Ukiah Senior Center Executive Director Liz Dorsey said the Meals on Wheels program there is conducted by Plowshares, a Ukiah nonprofit that serves the homeless. Dorsey said Ukiah serves about 6,000 lunches per year.
“A large part of the problem is the fear of what might or might not happen. Senior centers are not funded as well as maybe they should be,” Dorsey said.
“We have always operated with uncertainty. But with these fears that people are experiencing right now, with everything in our society in flux, those who have been so generous in the past are potentially less likely to donate. Today I talked to about six or eight businesses, and across the board, I’m hearing ‘I am being slammed right now with donation requests.’”
Richard Baker, executive director of the Willits Senior Center said they serve about 21,000 meals per year, half in hall and drive up and half Meals on Wheels.
“Every senior center is run differently. We have a thrift store that generates probably about $330,000 a year. So right now, we have not had to reach out and seek federal funding,” Baker said.
“I could have applied for AAA funds and probably got money there. But why do that when other agencies depend on that money? It’s a pool of money, and if we get into it the pool has less to offer the others,” Baker said.
While Trump may not have created the current crisis, he has advocated for across-the-board cuts to social services, including recommending a cut of 25 percent to food stamp programs. The directors say all of this has added much anxiety to those overseeing thin budgets.
The Mendocino County senior centers all also face county cuts in the $25,000-$50,000 range to outreach programs. Those cuts came during the county’s budget process and will take effect July 1. The directors said they were working to raise that money but faced headwinds of uncertainty.
Lake County Social Services Director Rachael Dillman Parsons described what happened that led to this in a presentation to the board last week.
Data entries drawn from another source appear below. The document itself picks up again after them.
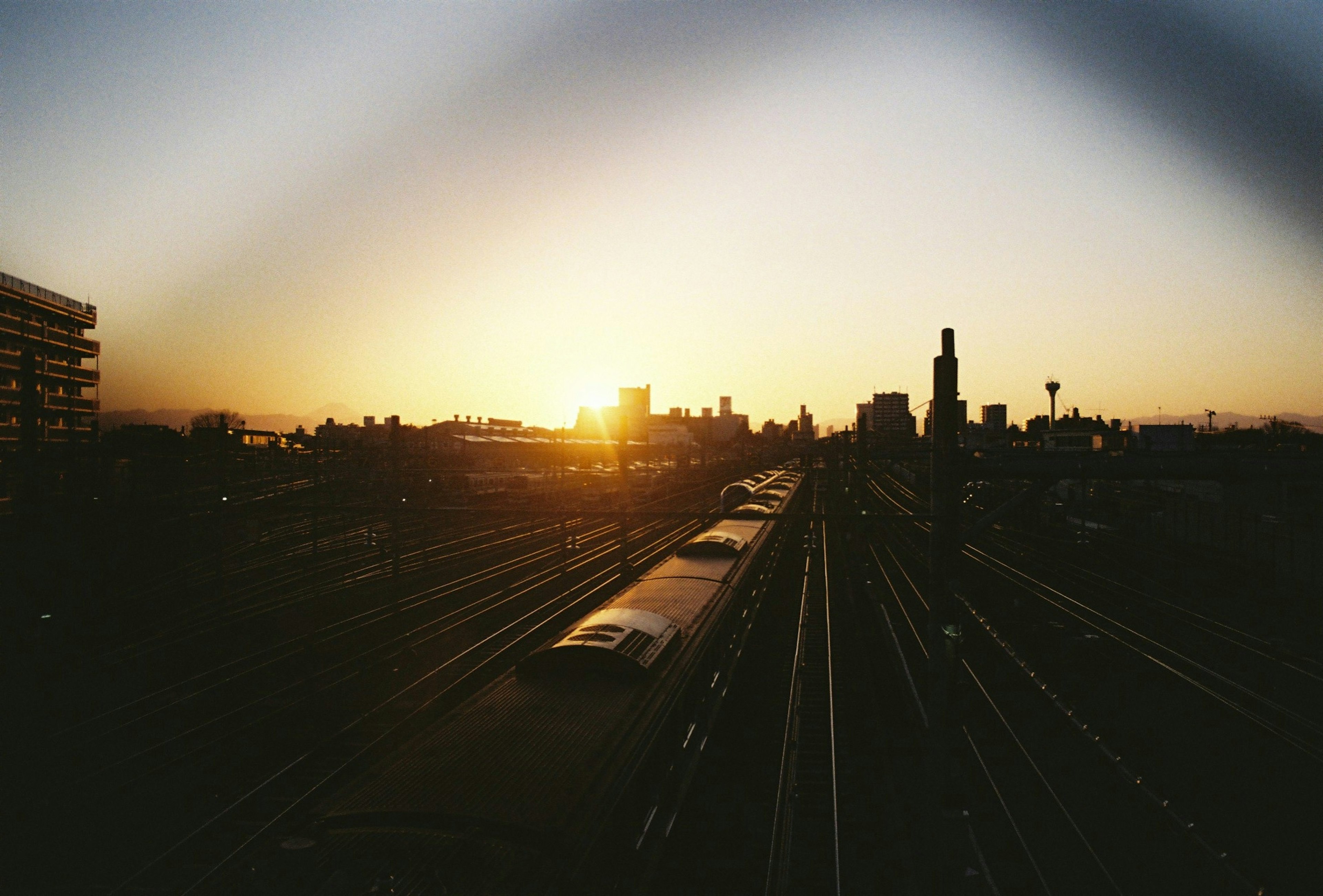 Cityscape at sunset featuring train tracks and buildings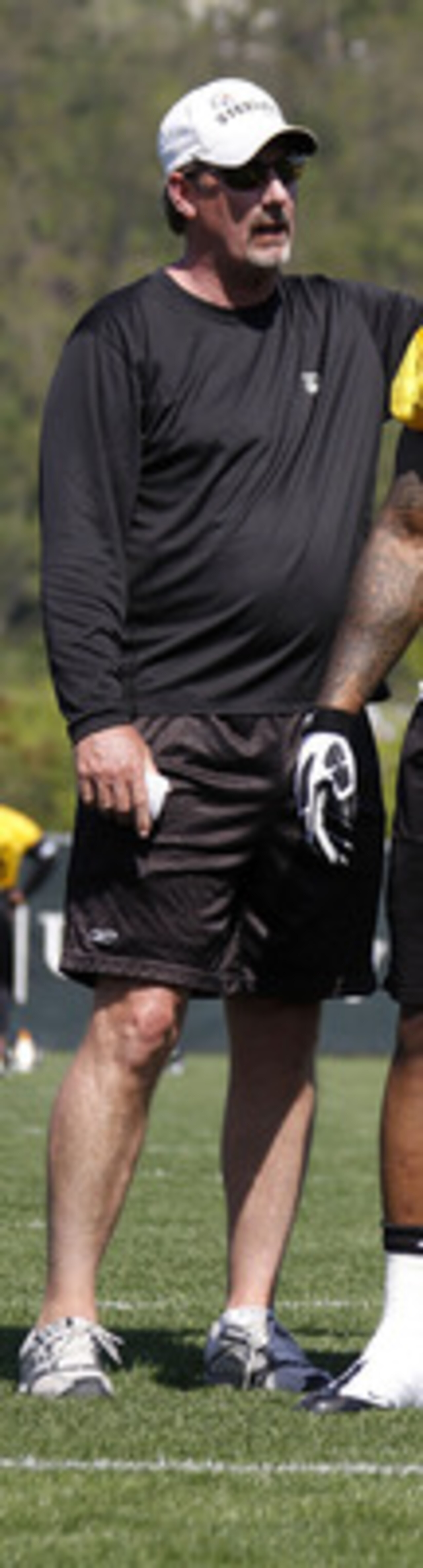 PITTSBURGH - APRIL 30: Thaddeus Gibson #90 of the Pittsburgh Steelers listens to Keith Butler the Linebackers coach during mini camp at the Pittsburgh Steelers Training Facility on April 30, 2010 in Pittsburgh, Pennsylvania.  (Photo by Gregory Shamus/Gett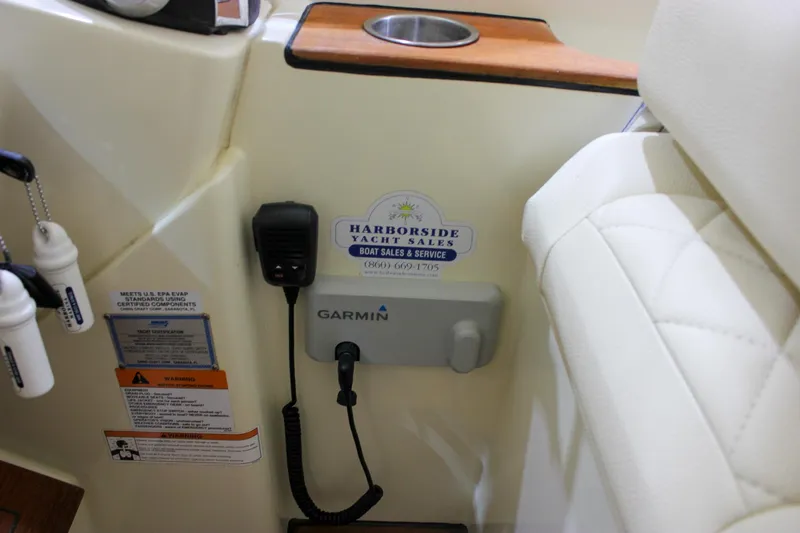Slide: The Image of 2018 Chris-Craft Calypso 30 interior with Garmin device and Harborside Yacht Sales sticker. - 40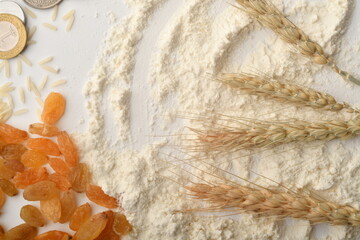 Flour, wheat, rice, raisins and coins on a white background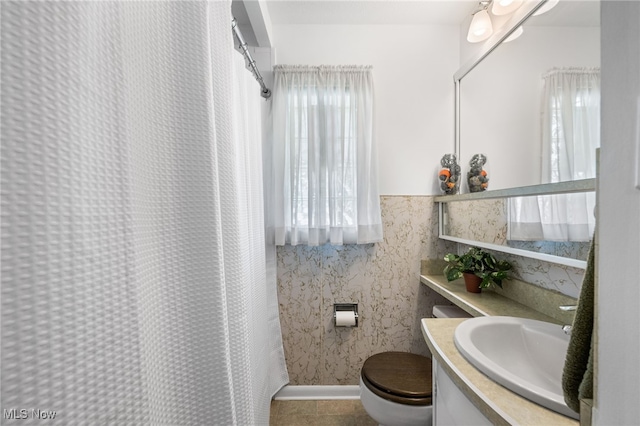 15617 Rockside Rd, Maple Heights, OH 44137 - bathroom with vanity, tile patterned flooring, and a shower with shower curtain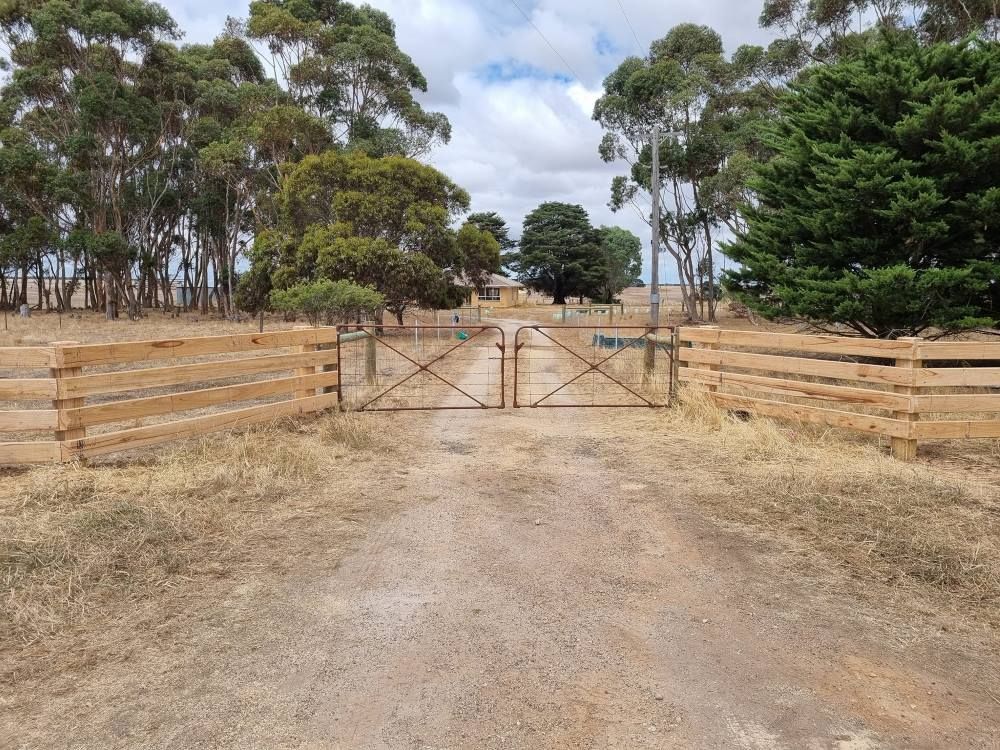 A Dirt Road With A Wooden Fence And A Gate — Ettles Rural Fencing in Alfredton, VIC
The AAA is integrated into Lake County’s social services department, and all five Lake County senior centers depend on the imperiled federal funding for their meal programs.
California’s population made it one of the youngest states in the 1970 census, but the average age has been getting older since.
And the population is aging quickly in Mendocino and Lake Counties.
Census figures show that in 2022, 23.9 percent of Lake County’s population was 65 and older, up from 17.8 percent in 2010 In 2022; 24.6 percent of Mendocino County’s population was 65 and older in 2022, up from 15.5 percent in 2010, census figures show.